Your task is to retype, exactly and with nothing else, every line from the one containing "Red Arrow Inn" to the end of the listing.
—————
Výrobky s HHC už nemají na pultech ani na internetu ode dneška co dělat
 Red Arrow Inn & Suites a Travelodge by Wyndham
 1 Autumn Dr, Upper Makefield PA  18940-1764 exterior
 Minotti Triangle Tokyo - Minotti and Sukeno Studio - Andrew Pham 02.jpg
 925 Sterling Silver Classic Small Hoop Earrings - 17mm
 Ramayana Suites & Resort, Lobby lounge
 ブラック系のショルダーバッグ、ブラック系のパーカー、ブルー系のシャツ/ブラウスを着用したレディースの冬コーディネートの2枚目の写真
—————
Solution for this problem
 Red Arrow Inn & Suites a Travelodge by Wyndham
 1 Autumn Dr, Upper Makefield PA  18940-1764 exterior
 Minotti Triangle Tokyo - Minotti and Sukeno Studio - Andrew Pham 02.jpg
 925 Sterling Silver Classic Small Hoop Earrings - 17mm
 Ramayana Suites & Resort, Lobby lounge
 ブラック系のショルダーバッグ、ブラック系のパーカー、ブルー系のシャツ/ブラウスを着用したレディースの冬コーディネートの2枚目の写真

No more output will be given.